Иной смысл имеет, однако, решимость неосуществления, при котором для экзистенции не существует никакой безусловно обязывающей необходимости этого существования в мире. Возможно, чтобы я, находясь в существовании, боролся все же с существованием вообще. Существование в мире мы можем избрать с истинной сознательностью только там, где отрицательная решимость, как вопрос, затронула экзистенцию. Нужно в возможности покинуть мир, а затем вернуться к нему, чтобы положительно иметь его, как мир: в его блеске и сомнительности, в его сущности как единственного поприща явления экзистенции, на котором она понимает себя с самой собою и с другой экзистенцией.
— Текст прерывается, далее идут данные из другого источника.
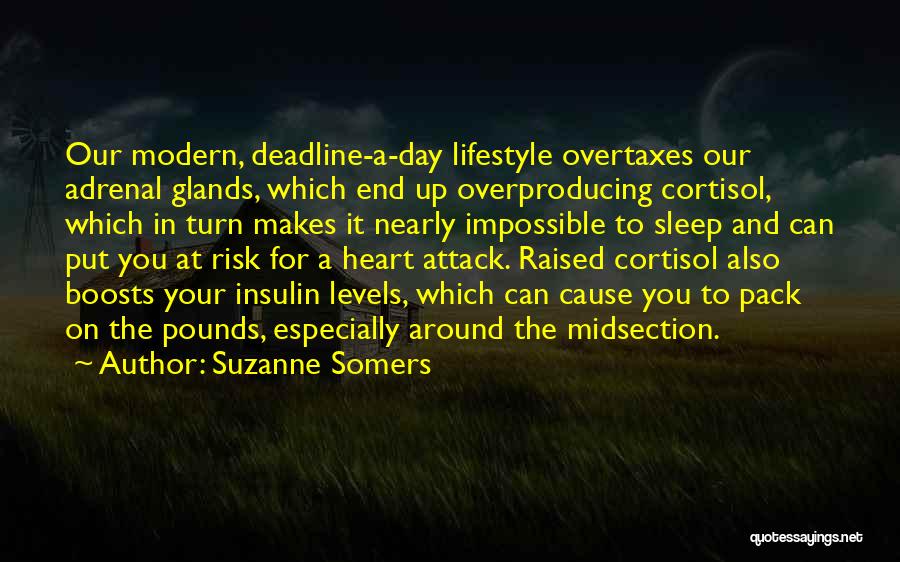 Suzanne Somers Quotes: Our Modern, Deadline-a-day Lifestyle Overtaxes Our Adrenal Glands, Which End Up Overproducing Cortisol, Which In Turn Makes It Nearly Impossible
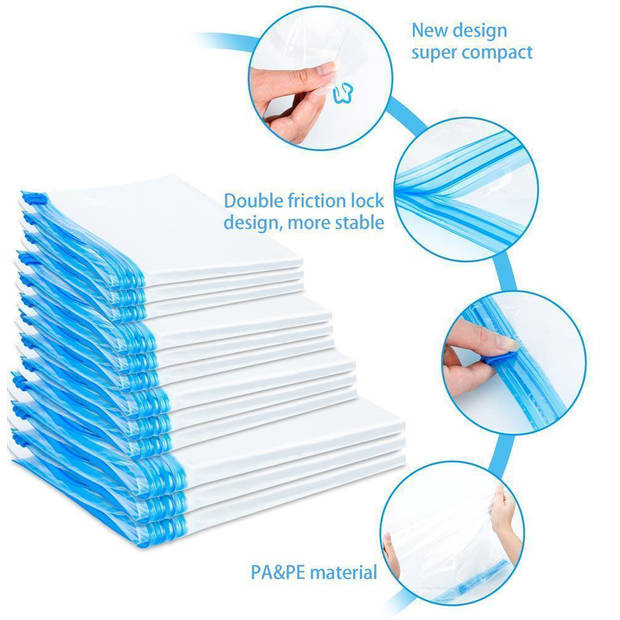 Intirilife 10x vacuümzakken in transparent 40 x 50 - vacuüm-opbergzakken kledingzakken om met de hand op te rollen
То, что я в существовании не одинок, — этот фактум делает всякую отрицательную решимость, ставящую под сомнение существование в мире, саму по себе настолько сомнительной, ибо она, забывая мир и коммуникацию, просто бросается в бездну трансценденции. Но экзистенция в существовании, как воля к коммуникации, которая составляет условие ее собственного бытия, не может ни абсолютно утвердиться на самой себе, ни непосредственно держаться трансценденции. Никто не может обрести блаженство в одиночестве. Нет такой истины, с которой бы я мог достигнуть конца пути лишь для себя одного. Я тоже есмь то, что суть другие, я ответствен за то, что находится вне меня, потому что я могу обратить речь к этому другому и могу вступить с ним в деятельное отношение, я есмь как возможная экзистенция к другим экзистенциям. Поэтому я достигаю цели своего существования, только если понимаю то, что вокруг меня. Я прихожу к себе, только если мир, с которым я могу вступить в возможную коммуникацию, придет к себе вместе со мною. Свобода состоит в зависимости от свободы других, самобытие имеет своей мерой самобытие ближнего, а в конце концов — и самобытие всех.